Выяснив все, что ему было нужно в моем рассказе, Ходасевич добродушно заявил, что если бы я поставил в нужном месте многоточие, то никаких сомнений не возникло бы:
– Это вас Джойсы и Прусты сбили с толку! – не без горечи пожаловался он. – Ничего постыдного или мещанского в многоточии нет.
Западную современную литературу Ходасевич не знал, главным образом потому, быть может, что иностранные языки ему давались – как всем! – с большим трудом.
Вообще легенда, что русские отлично владеют многими языками, доживает, надеюсь, последние годы. Было время, когда во Францию устремлялись аристократы и эмигранты типа Герцена или Ковалевской: они владели французским не хуже, а подчас лучше родного, русского. Отсюда возник этот миф, сохранившийся по сей день у булочников, несмотря на то, что последующие волны эмиграции – вранжель и дипи – десятилетиями заикались, объясняясь с полицией.

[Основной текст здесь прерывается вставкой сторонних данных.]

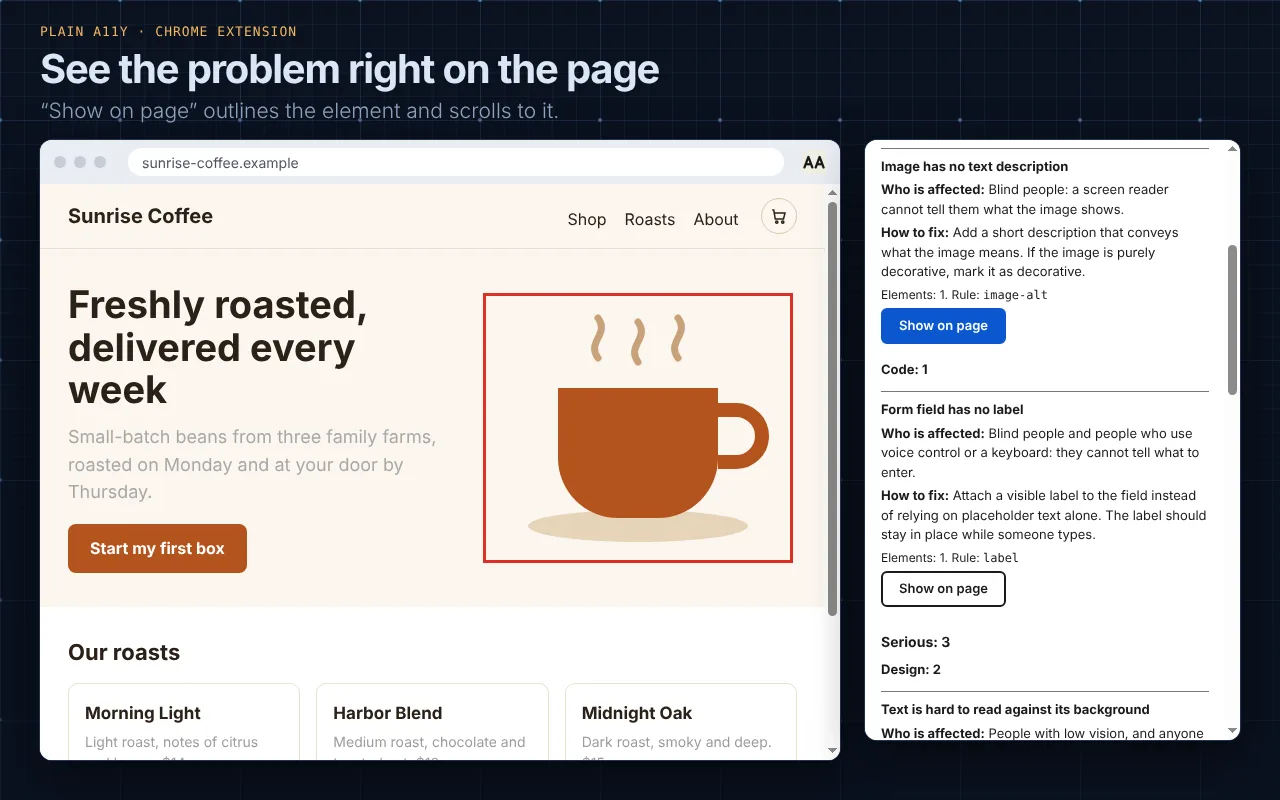 The coffee cup image on the page is outlined in red, and in the popup the Show on page button for that problem is pressed.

Бунин, через год после Нобелевской премии, поехал раз поездом – «кукушкой» – на юг Франции; он не успел запастись билетом и, будучи задержан кондуктором, не смог толком объясниться, а только нелепо кричал, тыча себя пальцем в грудь:
– Prix Nobel! Prix Nobel! [64]
Из всей французской литературы он по-настоящему усвоил только Мопассана, да и того предпочитал в русском переводе.
Мы преклоняемся перед гением Толстого и его вегетарианством, забывая, что, кроме всего прочего, он еще был самым образованным членом своего круга – и не переставал учиться, совершенствоваться до последнего дня.
За чаем я сообщил Ходасевичу, что года два тому назад «Современные записки» мне вернули назад «Двойной нельсон». Ходасевича передернуло, как от острой боли.
– Ну зачем они берутся не за свое дело, – страдальчески повторял он. – Ну зачем?
Я тогда получил свой первый аванс в тысячу франков под роман «Портативное бессмертие» – еще от Фондаминского, первоначально редактировавшего «Русские записки». И очень этим гордился. Ходасевич, неодобрительно покачивая маленькой головкой, меня просвещал:
– Вы работаете, создаете продукт, и все, что вам раз в десятилетие перепадает, – это тысчонка франков. А Вишняк ничего там не производит, только мешает и получает ежемесячный оклад! Ежемесячное, – он заскрежетал зубами, – жалованье.
(Впервые в жизни эмигрантского писателя ему сообщили, что его занятия кому-то нужны и достойны большей награды.)
Успокоенный и подобревший Ходасевич вдруг начал мне передавать содержание давно задуманной им повести; рассказ этот исходил из каких-то интимных глубин поэта и, насколько мне известно, не был написан.